Sir
William Rowan Hamilton (1805-1865) His great mathematical intelligence
was awakened by the reading of Newton's Arithemtica universalis
when he was 12 years old. He went on to the Principia, and when
he was 17 attacked Laplace's Mécanique céleste. There he detected an error which was communicated to John Brinkley, then
royal astronomer in Ireland, who at once recognised one of the first mathematical
minds of the age. Hamilton had a brilliant career at the Trinity college,
Dublin, but before it was completed he was appointed, at the age of 22,
to the Andrews chair of astronomy in succession to Brinkley. The rest of
his life was spent at the observatory at Dunsik, near Dublin, in the close
study of mathematics. He married Hellen Mary Bayly in 1833. He was knighted
in 1835. At the time of his death, Sept. 2, 1865, Hamilton was working
on the Elements of Quaternions, on which the last six years of his
life had been spent.
His earliest papers were the "Theory of Systems
of Rays" (Trans. Roy. Irish Acad., 1828-32); in the last of these,
by the aid of mathematics, he predicted conical refraction. These were
followed by papers on "The Principle of Varying Action" and in 1834 and
1835 by two memoirs "On a General Method in Dynamics". In these, Hamilton
defines the action as the path-integral of the Lagrangian function between
the initial and final states, so that the physical trajectory is, among
all the possible, that one which minimises the action integral, that is,
the path of least action. Then, he defines the generalised moments as the
partial derivatives of the Lagrangian function L with regard to the
velocities and obtains, through a Legendre transform of the Lagrangian
function, the H function, which depends on the generalised coordinates
and moments instead of the coordinates and velocities. The H function
(now called the Hamilton function) is usually the energy of the dynamical
system. The two physical revolutions of our finishing century, the Relativity
and Quantum theory, would not have been possible without Hamilton's
dynamics.
On Oct. 16, 1843, Hamilton discovered the quaternions
while he was walking with his wife along the Royal Canal, cutting with
a knife the fundamental formula on a stone of the Brougham Bridge:
i2 = j2 = k2 = i j k = -1
Hamilton's Lectures on Quaternions were published
in 1853 and his great book, The Elements of Quaternions, posthumously
in 1866. In the preface to the Lectures he describes the steps by
which he reached his important conclusions which form the germ of the later
basic theories of hypercomplex numbers.
He left an enormous collection of manuscript books,
full of original investigations, that were handed over to the Trinity
college.
Hermann
Günther Grassmann (1809-1877) Born in Stettin (at that time a
Prussian town, today in Poland), he learned mathematics mainly from his
father Justus Günther Grassmann (1779-1852), teacher at the Stettin
Gymnasium. He taught science and mathematics at various schools at Stettin
despite his attempts to attain a university post. Grassmann is the key
man in the development of the geometric algebra. Initially thought and
proposed with the name of characteristica geometrica by Leibniz,
he could not see the realisation of his idea of a direct calculus of purely
geometric entities. In 1844 a prize (45 gold ducats for 1846) was offered
by the Fürstlich Jablonowski'schen Gessellschaft in Leipzig to whom
was capable to develop the idea of Leibniz. Grassmann won this prize with
the Geometric Analysis, published by this society in 1847 with a
foreword of August Ferdinand Möbius. Its content is essentially that
of Die Ausdehnungslehre (1844), where Grassmann defined the exterior
(or outer) product of two or more segments by means of successive parallel
transports. His formalism is the groundwork of the geometric algebra. Grassman
also worked in statics, dynamics and electromagnetism. He published the
Theorie
der Ebbe und Flut, the Lehrbuch der Arithmetik, influencing
Peano in his system of axioms, and Lehrbuch der Trigonometrie. The
scarce reception of the second edition of Die Ausdehnungslehre (1862)
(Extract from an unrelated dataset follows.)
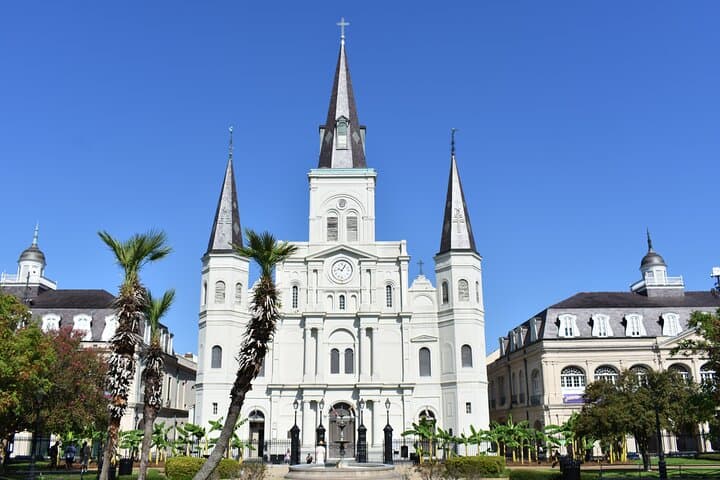 45-Minute French Quarter Highlights Tour: Fast-Paced Walk Through New Orleans' Heart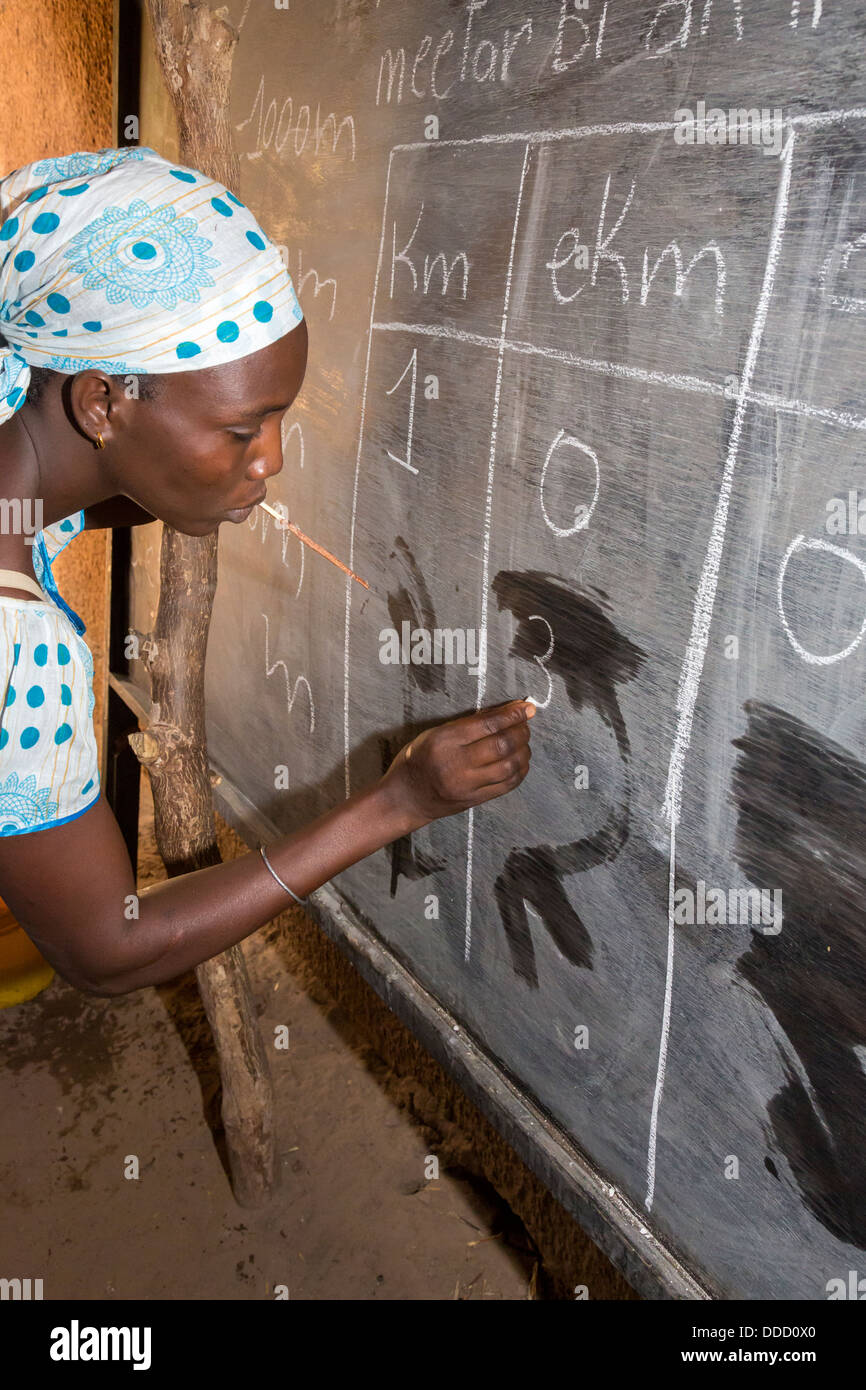Studente di alfabetizzazione degli adulti, classe Santhiou Mboutou Village, Senegal. Un programma di Africare. Foto Stock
caused him to dedicate himself mainly to philological studies. He composed
a dictionary of Sanskrit language and translated the Rig-Veda. The article
"Der Ort der Hamilton'schen Quaternionen in der Ausdehnungslehre"
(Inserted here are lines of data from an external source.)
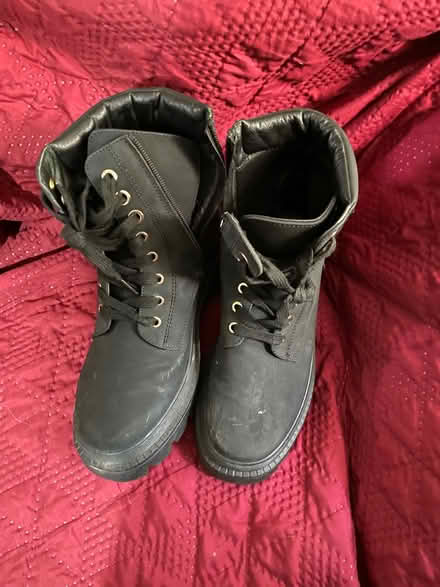 Photo of free Walking boots (Mitcham CR4) #1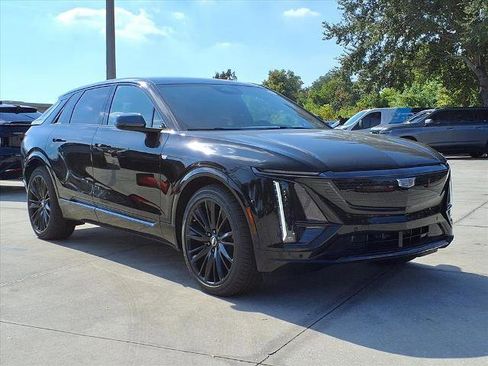 New 2026 Cadillac Lyriq Sport w/ LPO, ONYX Package image 5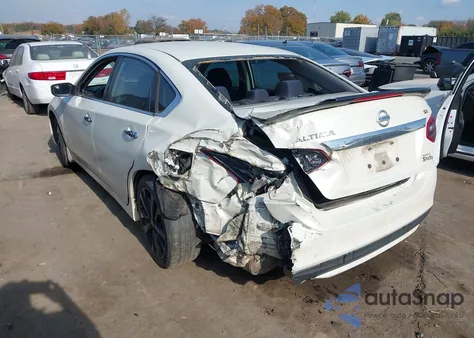 2017 Nissan Altima 2.5 Sr z USA, uszkodzony, nr VIN 1N4AL3AP8HC228563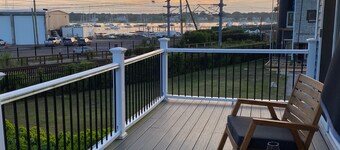 2bed/2bath with water views, large deck, walking distance to beach/restaurants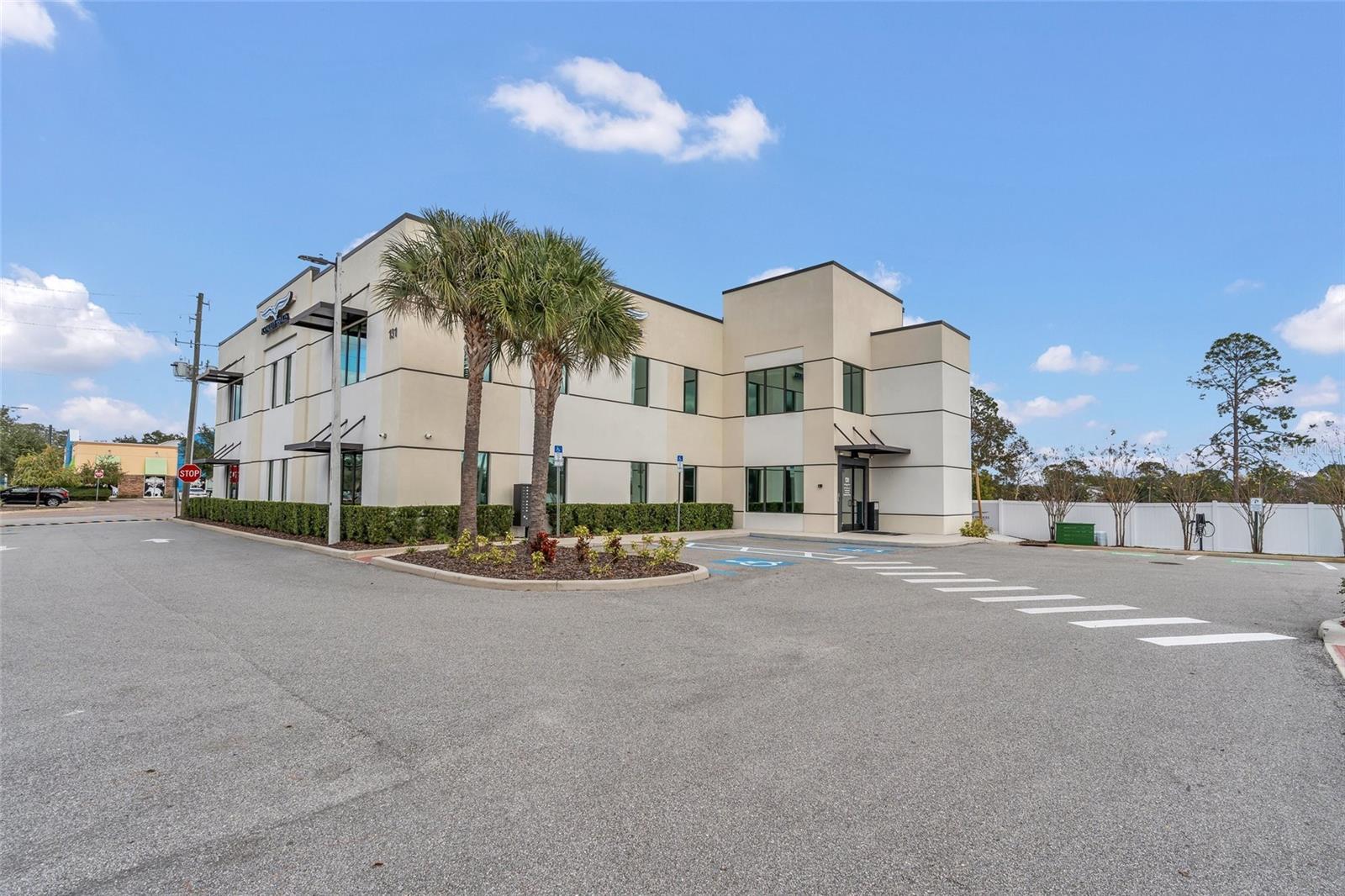 Photo of 131 S COUNTRY CLUB ROAD LAKE MARY FL 32746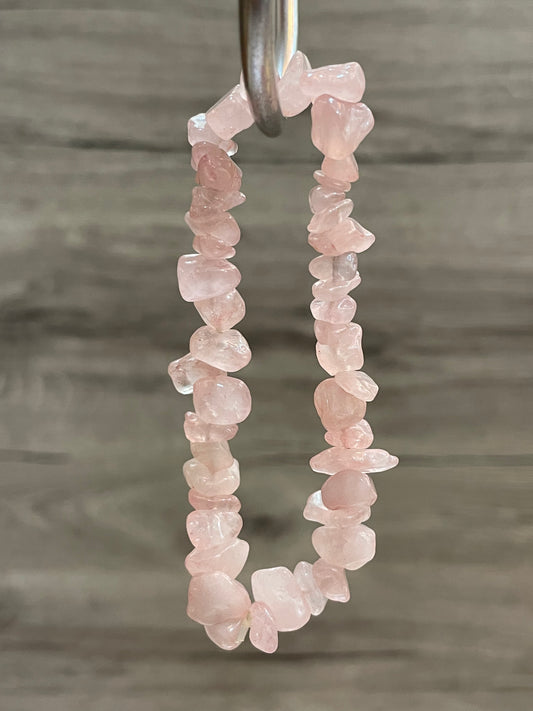Rose Quartz Chip Bracelet | كوارتز الزهري
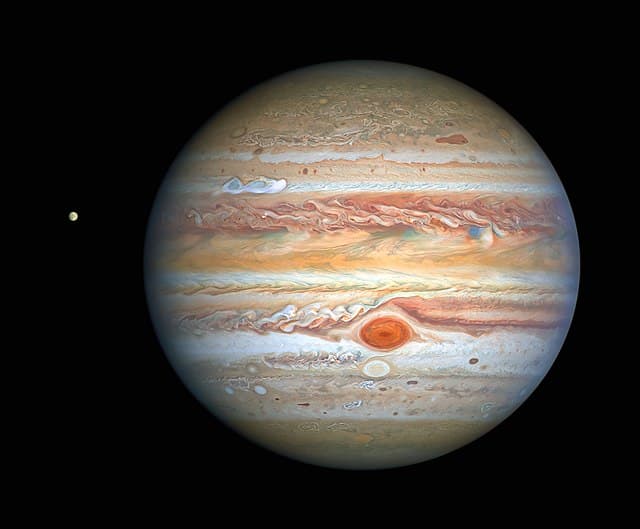 640px Hubble Captures Crisp New Image Of Jupiter And Europa 50354436493 1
plays main role in the history of the geometric algebra.
Josiah
Willard Gibbs (1839-1903) Born in New Haven (U.S.A.) he graduated in
1858 and attained in 1863 the first doctorate in engineering given in the
United States. Then, he became tutor and taught Latin firstly and natural
philosophy afterwards at the Yale University until 1866. That year, he went
with his sisters to Europe where he spent three years. He studied in Berlin
with Magnus, Weierstrass and others and in Heidelberg with Kirchoff and
Helmholtz, but he did not visit the United Kingdom. With a good knowledge
of the German language, he was imbued by the German way of thinking, which
is reflected in all his writings. When he returned to New Haven in 1869,
he lived with the family of his sister Julia in the home built by his father
until his death. In 1871 Gibbs attained the recently created chair of mathematical
physics at Yale college.
Gibbs was a delayed scientific writer, who applied
very widely the mathematical tools to the description of the physical and
chemical phenomena. In 1876-78 he published On the Equilibrium of Heterogeneous
Substances, where he states the famous rule of phases giving the number
of independent thermodynamic magnitudes in a heterogeneous chemical system.
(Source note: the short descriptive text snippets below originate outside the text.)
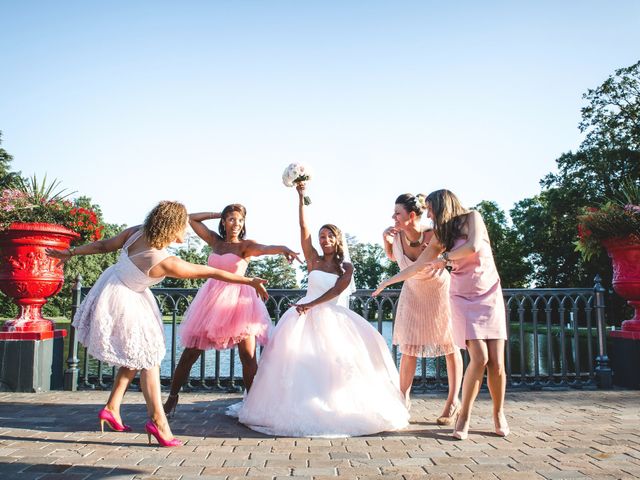 Le mariage de David et Virginia à Bourg-en-Bresse, Ain 24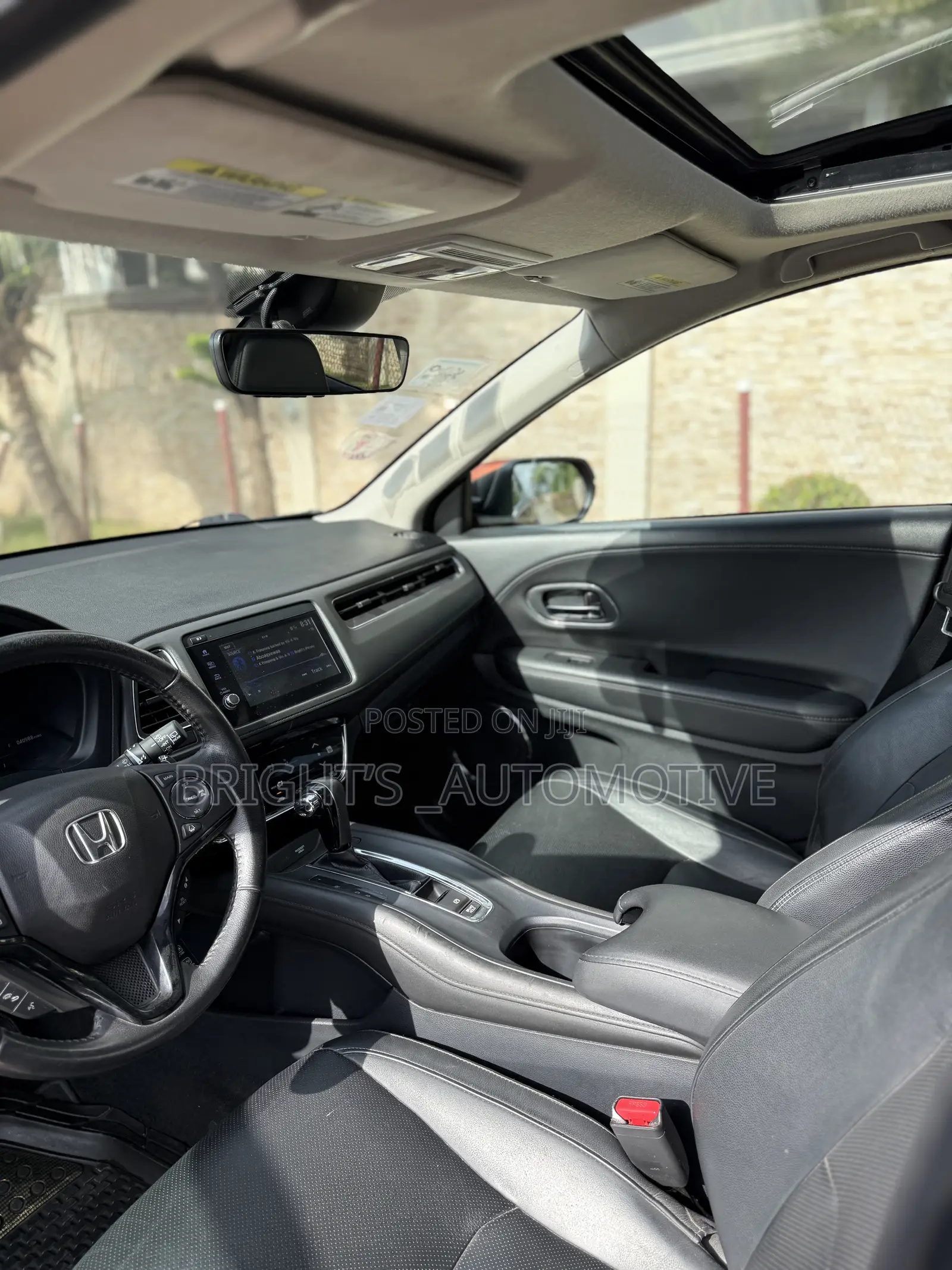 Honda HR-V Touring AWD 2020 Orange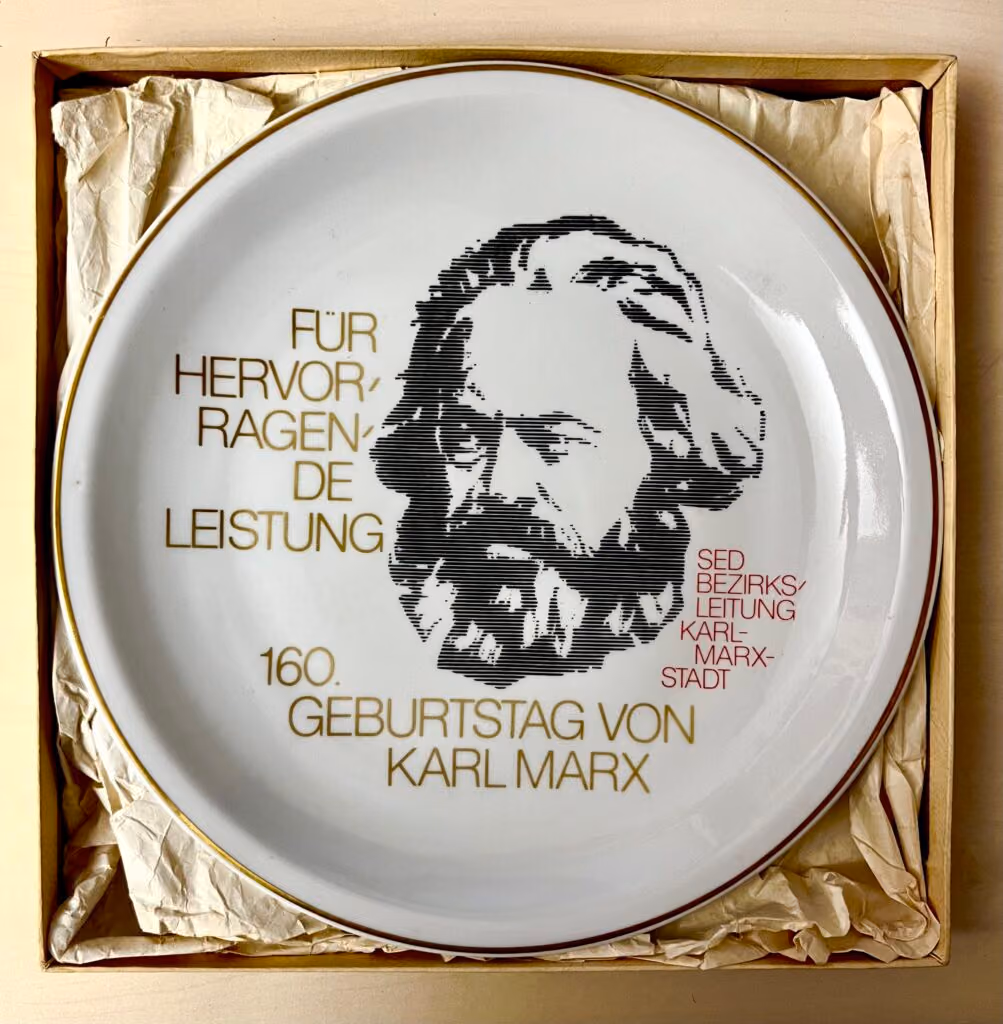 Für hervorragende Leistung - 160. Geburtstag von Karl Marx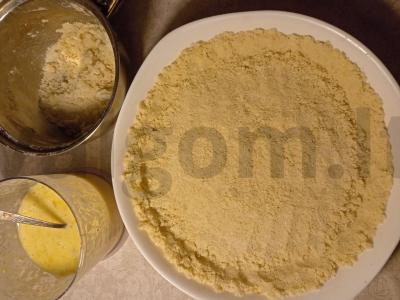 Sluoksniuotas pyragas su bananų-citrinų įdaru Žingsnis 7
From the differential equation of energy, Gibbs defined mathematically
the chemical potential, a new thermodynamic magnitude which could not be
directly measured until the apparition of the modern electrodes. I think
that the history of thermodynamics has two periods, a first one before
Gibbs when the energy, entropy, and other magnitudes were discovered, and
a second one after and due to him when thermodynamics became an exact science.
From 1877 Gibbs taught electromagnetism and hence he printed privately
Elements
of Vector Analysis in 1881 and 1884 for the use of his students. He
also sent this "pamphlet" to important scientists, so that the
quaternionists,
whose leader was Peter Guthrie Tait, broke out an epistolary war in Nature.
The publication of the book Vector Analysis would wait until
1901. His last work, Elementary Principles in Statistical Mechanics
(1903) is a deep development of Boltzmann's statistical conception
of entropy. On the other hand, Gibbs was the first scientist who rigorously
deduced the capillary adsorption equation from thermodynamics.
Although he was not a mathematician, his mind was
of mathematical nature and exact meaning. His mathematical contributions
are the Gibbs
phenomenon of the Fourier series, a method of determination of an orbit
of a comet from only three observations and mainly the vector analysis,
which we teach in the same manner and notation that he used.
William
Kingdon Clifford (1845-1879). Born in Exeter, he was educated at the
King's college, London, and at the Trinity college, Cambridge, where he was
elected fellow in 1868. He became professor of mathematics at the University
college, London, in 1871. In 1875 he married Lucy Lane, who became well
known as a novelist under her married surname. Clifford died prematurely
of pulmonary tuberculosis in Madeira. Clifford was simultaneously a philosopher
and a mathematician. His philosophic writings are as important as his mathematical
papers. He studied non-Euclidean geometry and the biquaternions. Due to
his short life, he wrote few but fundamental papers about the geometric algebra. In
"Applications of Grassmann's Extensive Algebra" (Am. J.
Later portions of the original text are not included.